La misericordia de Cristo vence el miedo

El miedo nace cuando falta la experiencia de ser amados. Si prevalece el miedo, es porque nuestra experiencia de ser amados es superficial, nominal.
La experiencia de ser amados es el contenido de la fe. La fe es reconocer una Presencia. En la experiencia de la caridad no hay miedo, porque la caridad no es nada más que la fe que se da a mi vida en una humanidad presente. La caridad es Cristo que abraza nuestra humanidad herida y es nuestro abrazo a Cristo presente, la fe que se vuelve abrazo al humano.

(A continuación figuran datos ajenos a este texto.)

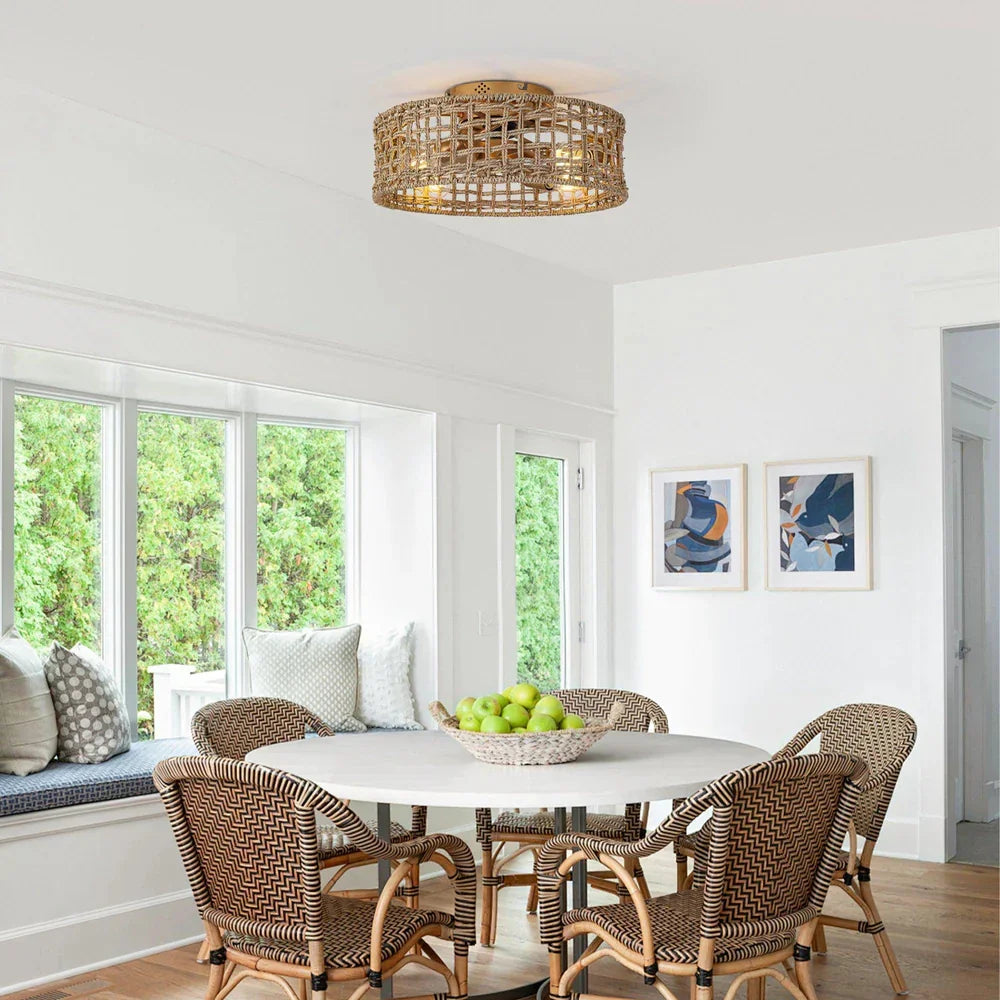 18 Inch Rattan Farmhouse Gold Ceiling Fan - IPLUS Lighting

A veces un hermano que tenemos cerca puede resultarnos irritante, incluso odioso, sin embargo en la medida en que lo miramos como proximidad de Cristo a nuestra existencia, nos cambia. Giussani nos ha enseñado a decir: Veni sancte Spiritus, veni per Mariam, donde María es el otro, porque es la fisicidad a través de la cual Cristo ha venido al mundo. Necesitamos entrar en la naturaleza sacramental de las personas que han sido puestas a nuestro lado. Se trata de entrar en la experiencia descrita por Giussani cuando habla de la identidad entre signo y misterio. A través del rostro de los hermanos, Dios no deja tranquila mi vida, sino que la empuja a un constante cambio. La naturaleza del signo cristiano es sacramental. Por eso el signo no es plenamente vivido si nuestra persona, con su inteligencia y afecto, no llega a reconocer Aquel del cual el signo habla.
Mi amistad con ustedes es un signo sacramental de Cristo, pero al mismo tiempo no agota su persona. Remite a su persona. Por esto [nuestra amistad] necesita de un Tú al que hablamos juntos y personalmente, al que pedimos que intervenga en nuestra relación. El Tú de Cristo es la salvación del signo. Sin él nuestra amistad antes o después se apagaría, o degeneraría en una posesión. Delante de nosotros se abre de par en par el recorrido que va de la fe a la caridad. Si la fe es reconocer a Cristo presente, la caridad es abrazarlo en su humanidad. Es el descubrimiento de un valor grande en lo que a primera vista parecería no tenerlo. Es la victoria sobre la apariencia. Es la virginidad.